Our methodology which I took from [MLWave Ensembling Guide](http://mlwave.com/kaggle-ensembling-guide/) as well as from the winners of [Otto Group Classification Challenge](https://www.kaggle.com/c/otto-group-product-classification-challenge/forums/t/14335/1st-place-winner-solution-gilberto-titericz-stanislav-semenov) is as follows:

* **Splitting.** Split the training set into K folds


* **Out-of-fold predictions**. Fit each L0-model on K-1 folds, generate predictions for the other fold. Repeat the process for all K folds.
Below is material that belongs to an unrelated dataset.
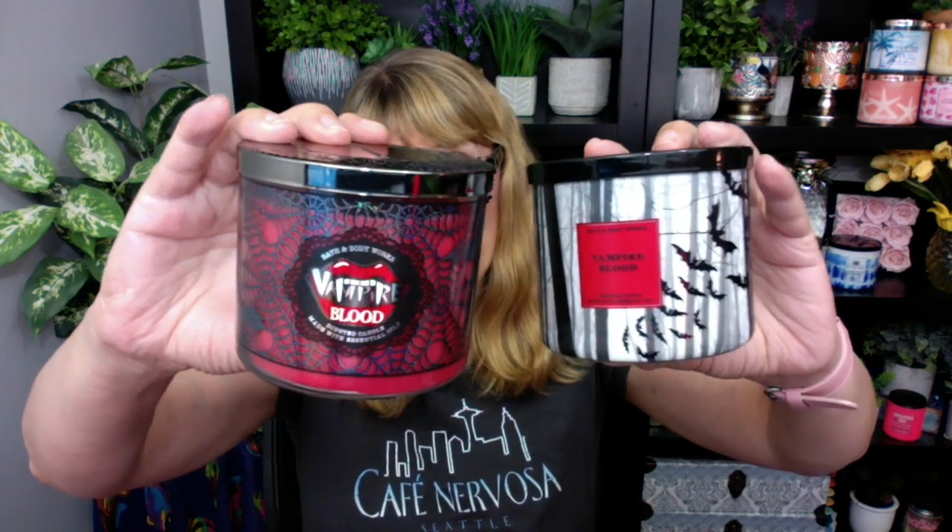I'm really hoping they go back to the more graphic design this year. Although this wraparound label was kind of neat — if you were doing a really classy Halloween display with black candelabras or a bat theme. This one had kind of a Harry Potter feel to me. You know how I am about Harry Potter. So I liked both versions — I just love Vampire Blood.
In the end, we get predictions for the whole training set (for which we also have labels).


* **Fitting on the entire training set**. We fit each L0-model on the whole training set and get predictions for the test set. We combine predictions into a dataset, in which each feature is prediction of a single L0-model.


* **Training L1**. We fit L1-model on out-of-fold predictions, while using corresponding labels from the training set as labels for L1. After that, we ask the L1-model get the final prediction using our combine dataset of L0 predictions.

There is only one complication: we don't have the test set (we're not going to submit our prediction to Kaggle now), but we need to compare the performance of single L0-models with the stacker, as we'd like to make sure that L1-model works better than any of L0-models.

To do this, we split our training dataset into train and test subsets. We will touch the test subset only once when we compare the performance of all the models (L0 vs L1).

## Splitting

### Preparing the data
We trained our models on the same train set, but the preprocessing phase has been done differently for XGBoost and MLP. We have to replicate the same preprocessing for our ensemble phase. Let's revisit what we have to do for each model:

* **XGBoost**: 1) log-transform the target feature, 2) use a label encoding for categorical features.


* **MLP**: 1) use an one-hot encoding for categorical features.

I'll be verbose in this section and apply all the transformations manually without writing an abstraction (say, a function or a class). We only have two models and there's no need to abstract the logic in our case.

In [3]:
# XGBoost

trainxg = pd.read_csv('train.csv')
ntrain = trainxg.shape[0]

trainxg['log_loss'] = np.log(trainxg['loss'])    
features = [x for x in trainxg.columns if x not in ['id','loss', 'log_loss']]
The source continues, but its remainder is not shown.